_YOUR ASSIGNMENT_:
Write out the lines below once more, exactly as they appear. Do not include pictures.

_DATA SECTION_:
BEGIN

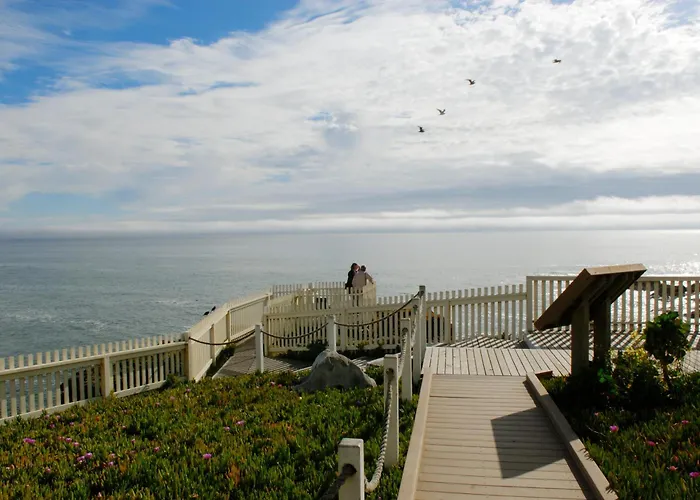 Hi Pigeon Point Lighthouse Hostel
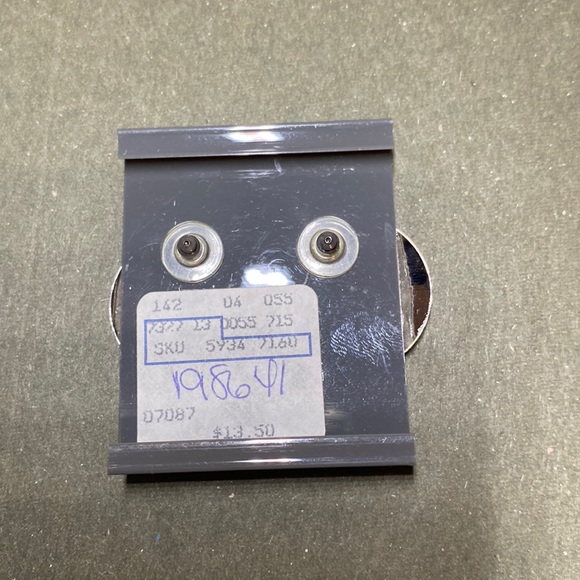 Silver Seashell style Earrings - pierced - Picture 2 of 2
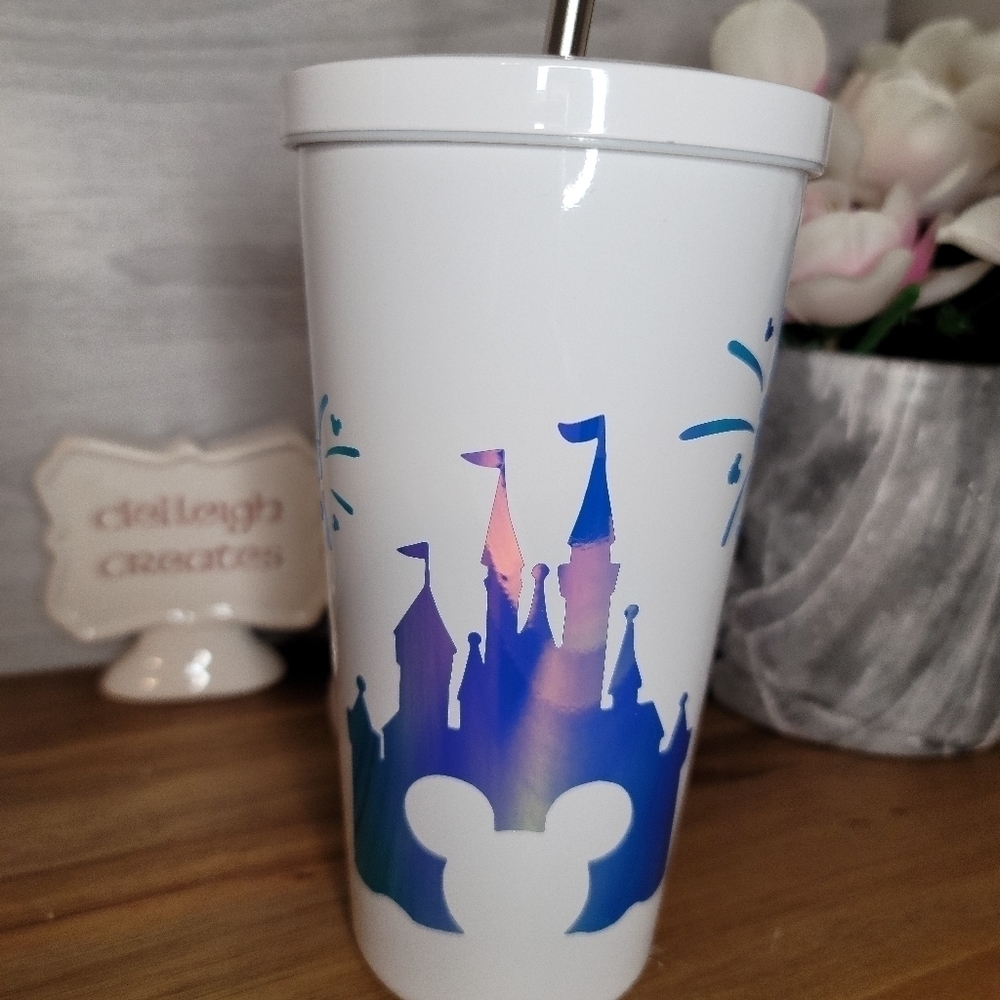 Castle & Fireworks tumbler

END

_RESULT OF THIS EXERCISE_:
 Hi Pigeon Point Lighthouse Hostel
 Silver Seashell style Earrings - pierced - Picture 2 of 2
 Castle & Fireworks tumbler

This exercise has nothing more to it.